WILL hosts New Zealand finally manage to shake off their underachiever status at the 2011 World Cup? An entire nation of devoted rugby union fans expect them to go all the way and lift the Webb Ellis Cup for the first time since the inaugural tournament in 1987 and it’s a view shared by the bookies. The All Blacks are a best-priced 4/6 outright and, for me, that’s too short for a side that will be under more pressure than they have ever experienced in the quadrennial contest.

On paper, Richie McCaw’s men are the best team in the tournament and have been for the last few years. But this is a familiar scenario – exactly the same compliment could have been paid to the class of 2007. While I wouldn’t take the 11/8 for New Zealand not to win the World Cup there are better value bets based on the All Blacks’ performance than backing them to win at odds-on.
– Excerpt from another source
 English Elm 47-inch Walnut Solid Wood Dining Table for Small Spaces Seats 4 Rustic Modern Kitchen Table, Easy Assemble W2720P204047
Not having won the World Cup for 24 years has not stopped the side being by far the most prolific in terms of tries scored. In their 30 World Cup matches since 1987, the All Blacks have crossed the try line no fewer than 189 times, 62 more than Australia, their closest rivals.

Forty-six tries were scored in their four pool matches in 2003. That’s an impressive tally, and while some may argue that South Africa and Australia perhaps have easier groups this year, neither is able to boast quite as many talented and creative players as the All Blacks. Get on New Zealand to be the top try-scoring team at 11/10 with Boylesports, which is offering to refund bets on top try-scoring team or top tournament try-scorer (on any Tri or Six Nations team) if New Zealand fail to make the final.

England have an outside chance despite an apparent lack of creativity in Martin Johnson’s squad selection and a frustratingly inconsistent build-up. The current crop is undoubtedly more talented than the side that reached the final four years ago in France. With standout players like Courtney Lawes and Chris Ashton among them, topping Pool B should be fairly straightforward – as long as they can perform closer to the level which saw them beat Australia last November than that in defeat to Wales last month.

Taking top spot in the group is likely to set up a quarter final with France – a side that England have beaten in the last two World Cup semi-finals and in three of the last four meetings – so back the Red Rose to reach the semi-finals at 5/4 with Paddy Power. A spread market that particularly appeals is a buy of yellow cards at 38 with Sporting Index. Thirty sin-bins dished out in 2003 and 35 in 2007 shows an upward trend, while referees have been told to take a harder stance on anything that illegally slows play. Inferior sides have long taken to questionable tactics in the face of superior opposition and should referees take heed of advice from the top, we can expect a profit.